Don’t Override Physicians’ Professional Judgment in Child Welfare Cases

Testimony on Senate Bill 11

House Committee on Human Services
Testimony on Senate Bill 11 by Senator Schwertner
Texas Medical Association

April 17, 2017

Chairman Raymond and members of the committee. On behalf of the 50,000 physician and medical student members of the Texas Medical Association (TMA), we applaud this committee’s work to protect the children of our state. Many members of this committee have devoted countless hours to the task of reforming and improving our child welfare system. It is a difficult but worthy goal you seek. 
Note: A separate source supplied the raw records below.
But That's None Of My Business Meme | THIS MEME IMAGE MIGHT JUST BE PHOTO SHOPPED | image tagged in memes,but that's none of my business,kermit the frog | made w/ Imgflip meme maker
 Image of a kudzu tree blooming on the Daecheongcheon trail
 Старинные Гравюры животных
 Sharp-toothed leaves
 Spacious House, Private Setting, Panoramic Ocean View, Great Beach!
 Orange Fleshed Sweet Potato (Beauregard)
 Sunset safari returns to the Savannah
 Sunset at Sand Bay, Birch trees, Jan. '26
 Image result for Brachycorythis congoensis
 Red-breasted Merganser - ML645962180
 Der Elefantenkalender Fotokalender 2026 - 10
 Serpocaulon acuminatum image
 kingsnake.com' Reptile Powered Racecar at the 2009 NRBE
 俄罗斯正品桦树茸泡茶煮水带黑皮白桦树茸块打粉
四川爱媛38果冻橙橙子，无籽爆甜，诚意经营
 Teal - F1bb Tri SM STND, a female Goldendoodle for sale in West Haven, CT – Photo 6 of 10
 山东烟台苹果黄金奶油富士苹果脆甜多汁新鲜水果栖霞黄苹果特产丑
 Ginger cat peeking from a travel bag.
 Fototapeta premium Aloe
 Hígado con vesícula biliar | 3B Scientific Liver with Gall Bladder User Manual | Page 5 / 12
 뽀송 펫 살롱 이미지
TMA strongly supports Senate Bill 11 by Sen. Charles Schwertner. TMA has a long history working with the legislature to improve medical care for children in foster care, including working with lawmakers and the Department of Family and Protective Services to devise evidenced-based algorithms for the administration of behavioral health medications to children in foster care in order to receive the drugs are the most appropriate for their age and condition. Over the interim, TMA collaborated with the Texas Pediatric Society to ensure all children entering state custody receive an initial evaluation within 72 hours, a best-practice recommended by the American Academy of Pediatrics (AAP).  This initial exam requires a physician to assess a child’s physical and psychological needs and then refer them to the appropriate services.  An initial exam within 72-hours is particularly important to assess a child’s behavioral health needs since children subject to abuse or neglect may show no outward physical trauma but manifest depression, anxiety or other mental illnesses.  Early identification and treatment of these disorders is essential to promoting better outcomes and stability in the child’s life. 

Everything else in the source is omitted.